(Brief descriptive captions)
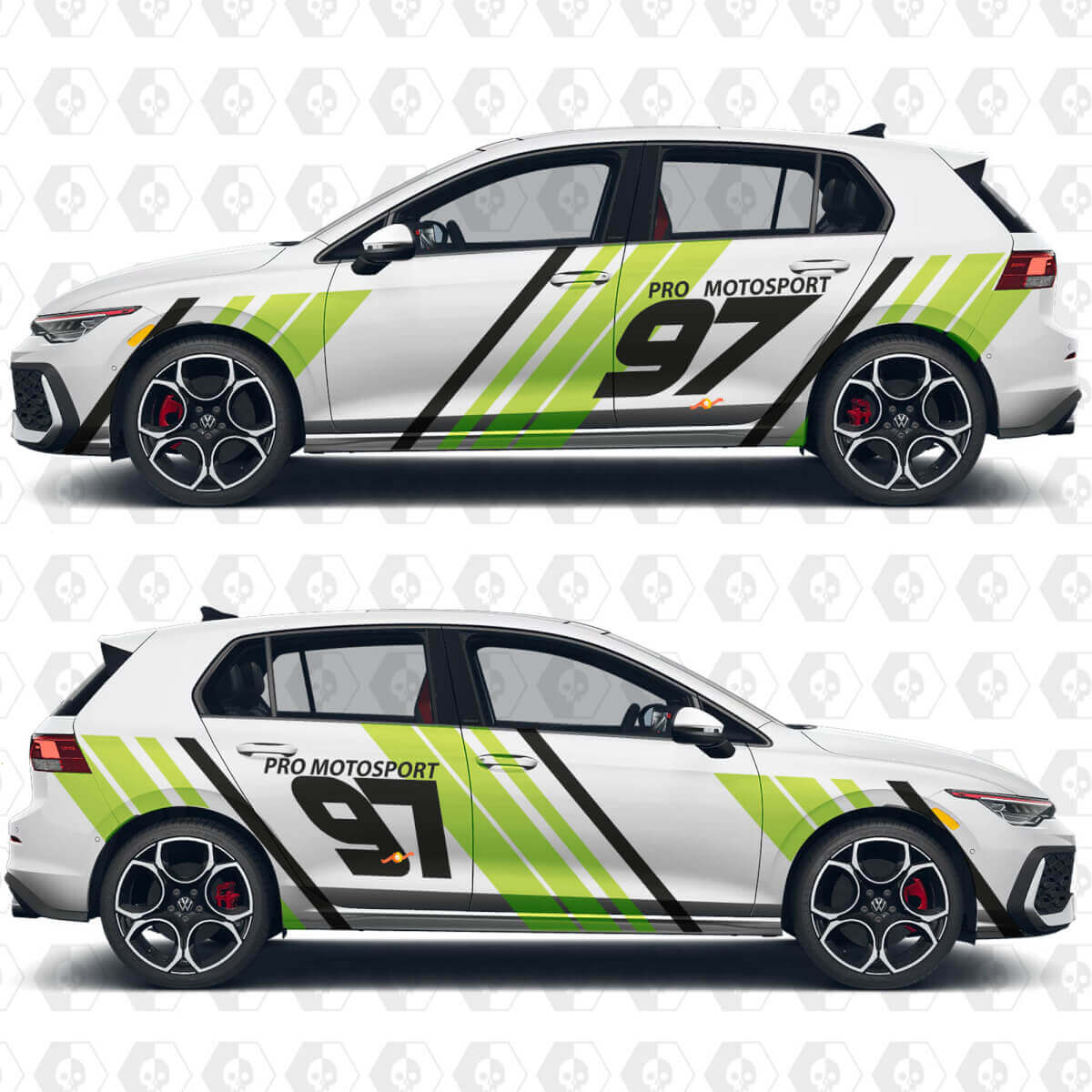 Custom Text Number Wrap Sport Vinyl Decal Stickers for Volkswagen Golf Gti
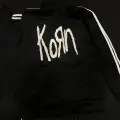 Korn Nakışlı Logolu Çizgili Siyah Ceket
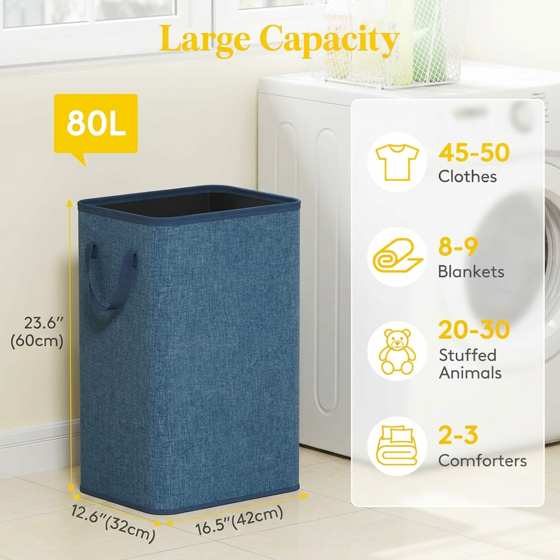 Norcho 80L Tall Collapsible Laundry Hamper with Handles, Foldable Portable Clothes Basket for Dorm Bathroom, Dark Blue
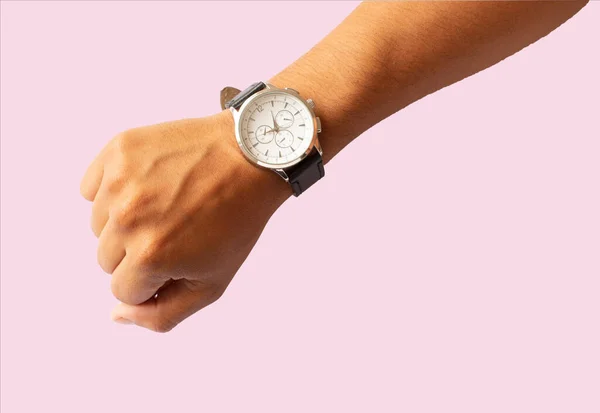 Pessoa Mostrando Tempo Sua Mão Fundo Rosa — Fotografia de Stock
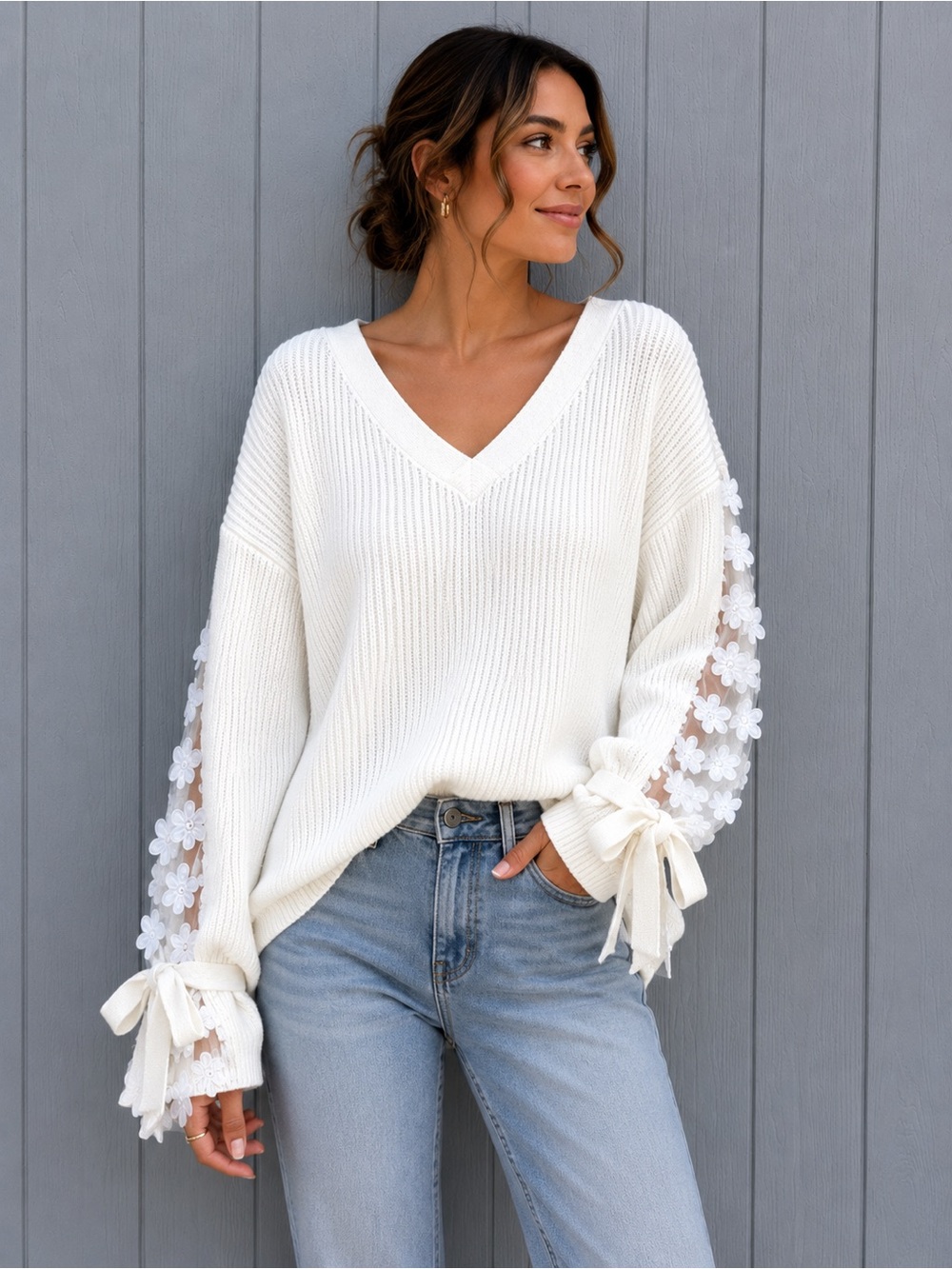 CeCe White V-Neck Sweater with Floral Lace Tie Sleeves Excellent Condition L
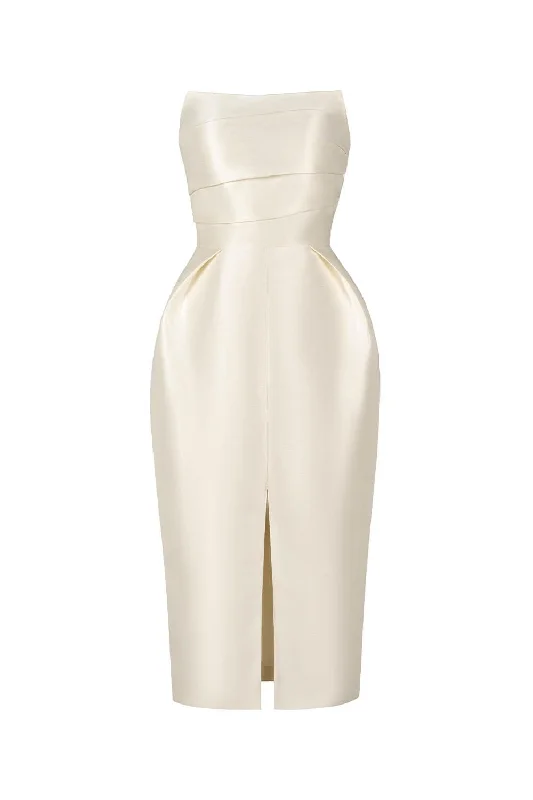 Maxi - inspired midi dresses with flowing fabrics for a beachy vibePearl Strapless Draped Glossy Taffeta Midi Dress Maxi - inspired midi dresses with flowing fabrics for a beachy vibePearl Strapless Draped Glossy Taffeta Midi Dress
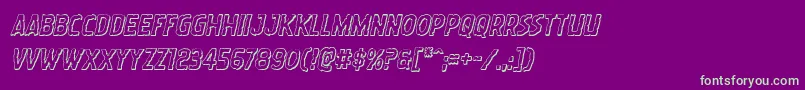 Wormcuisine3Dital Font – Green Fonts on Purple Background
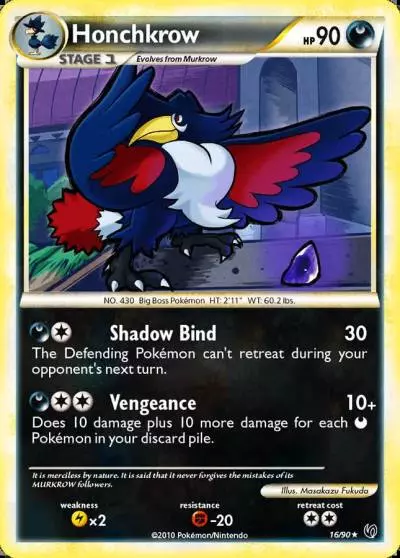 Honchkrow 16/90 HS—Undaunted Pokemon card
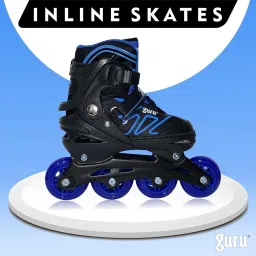 Inline Skates Adjustable Black and Blue Medium Size In-line Skates - Size M UK-17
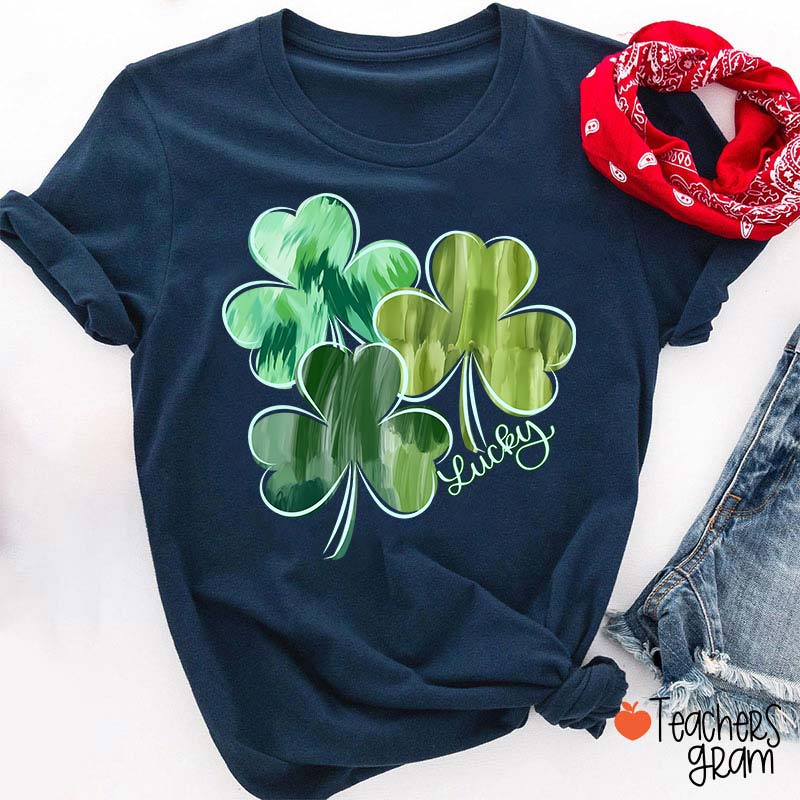Watercolor Lucky Shamrock Teacher T-Shirt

- To do:
The expected output is every entry, retyped exactly, with all pictures removed.

- Written solution:
 Custom Text Number Wrap Sport Vinyl Decal Stickers for Volkswagen Golf Gti
 Korn Nakışlı Logolu Çizgili Siyah Ceket
 Norcho 80L Tall Collapsible Laundry Hamper with Handles, Foldable Portable Clothes Basket for Dorm Bathroom, Dark Blue
 Pessoa Mostrando Tempo Sua Mão Fundo Rosa — Fotografia de Stock
 CeCe White V-Neck Sweater with Floral Lace Tie Sleeves Excellent Condition L
 Maxi - inspired midi dresses with flowing fabrics for a beachy vibePearl Strapless Draped Glossy Taffeta Midi Dress Maxi - inspired midi dresses with flowing fabrics for a beachy vibePearl Strapless Draped Glossy Taffeta Midi Dress
 Wormcuisine3Dital Font – Green Fonts on Purple Background
 Honchkrow 16/90 HS—Undaunted Pokemon card
 Inline Skates Adjustable Black and Blue Medium Size In-line Skates - Size M UK-17
Watercolor Lucky Shamrock Teacher T-Shirt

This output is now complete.